Todo tempo que passei lá, a ilha estava no chamado Período Especial. O muro de Berlin já havia caído e a União Soviética havia se desfeito. Cuba sofria com a falta de petróleo, de comida, de energia. O bloqueio americano seguia e então, havia racionamento sempre. Muitas vezes andando pela rua a noite, acontecia um «apagón» e tudo ficava escuro. No início me assustava, pensando que poderia ser assaltada ou sofrer alguma violência, depois percebi que nada absolutamente poderia acontecer, Cuba era uma ilha totalmente segura.
Algo que notei logo que cheguei na ilha foi o quanto estava acostumada a classificar, inconscientemente, meus interlocutores. Pela forma de vestir, pelo local onde se encontram, pelo vocabulário que usam, etc. Em Cuba é possível perder todas estas referências, nunca sabes exatamente com quem estás falando e as pessoas não fazem questão de deixar isso claro, como um rótulo. Terás que conversar com elas para descobrir e podes encontrar qualquer um de forma acessível, seja para descobrir que é um trabalhador braçal ou um artista ou um PHD em qualquer coisa. Acho que é porque não há analfabetos em Cuba, todas as pessoas lá tem acesso a educação e isso traz consistência e dá dignidade.
Um dos pontos altos de minha estada na ilha foi a convivência com artistas de diversas áreas: música, artes visuais, artes cênicas. Isso era incrivelmente interessante, nas festas e reuniões, todos se juntavam e se conheciam. Aliás, o encontro já era a festa…
Levei tempo para entender o que no documentário fica evidente. Eles cursaram a Escola de Artes juntos e esta criava oportunidades de convivência e troca entre eles. Estavam formando artistas, mas mais do que isso formavam pessoas e daí o interesse por estimular o encontro, o embate de idéias, o senso crítico, o contato com a realidade das comunidades e o sentido de pensar seu papel na sociedade enquanto artista. Ver no documentário aqueles artistas falando com tanta propriedade de sua formação, com um discurso bem articulado que vem da experiência é algo que me emociona.

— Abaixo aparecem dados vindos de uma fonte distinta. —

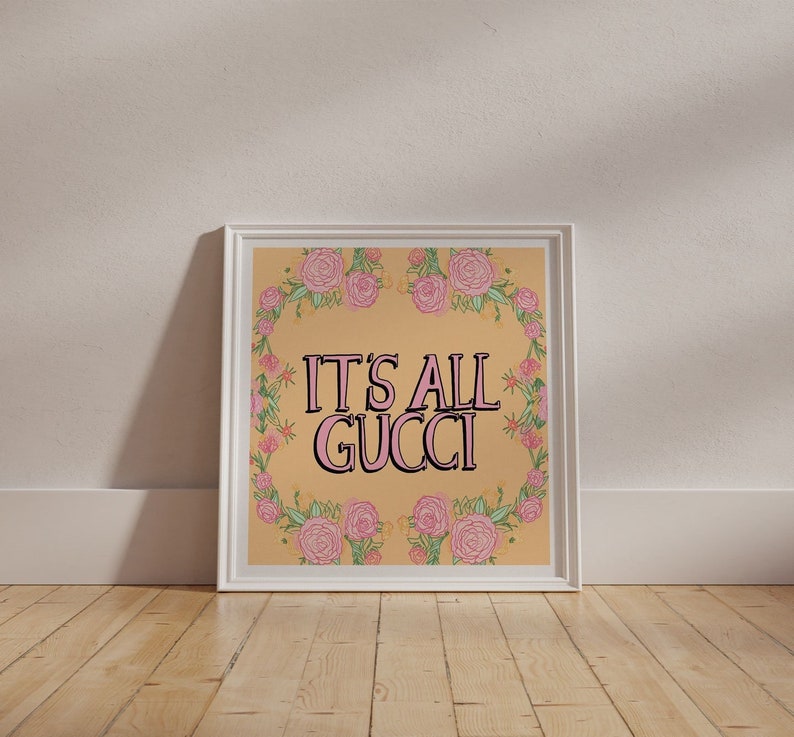 "It's All Gucci" mantra, a positive floral & typography wall art. 
Vibrant yellow contrasting against pink lettering, with pink and green floral details around the border, creating a bold and colourful feel-good poster.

Foi em Havana que tive, por meio de um grande amigo diretor de teatro, Victor Varela, os primeiros contatos com uma dança diferente para mim, que não era ballet clássico. Da forma como me foi apresentada, abriu meus horizontes estéticos de forma irreversível. Posso dizer que esta foi a grande transformação que sofri em Cuba. Meu amigo insistia que eu podia ser muito mais que uma intérprete, uma bailarina clássica e podia explorar as tantas outras formas de dança que surgiram de movimentos interessantes pelo mundo. Ele me convenceu que meu temperamento era outro e foi me mostrando pacientemente trabalhos instigantes que iriam influenciando um corpo já meio cansado do repetitivo repertório clássico e de viver princesas, cisnes e fadas.
Hoje, vivendo aqui no Brasil e olhando nosso contexto atual, valorizo ainda mais a Escola de Arte. Ela pode formar grandes artistas, mas pode também simplesmente formar pessoas mais sensíveis, que possam frequentar um museu ou um concerto musical e articular uma opinião própria e ter senso crítico.
E isso, ao meu ver, já é muito e faria toda a diferença!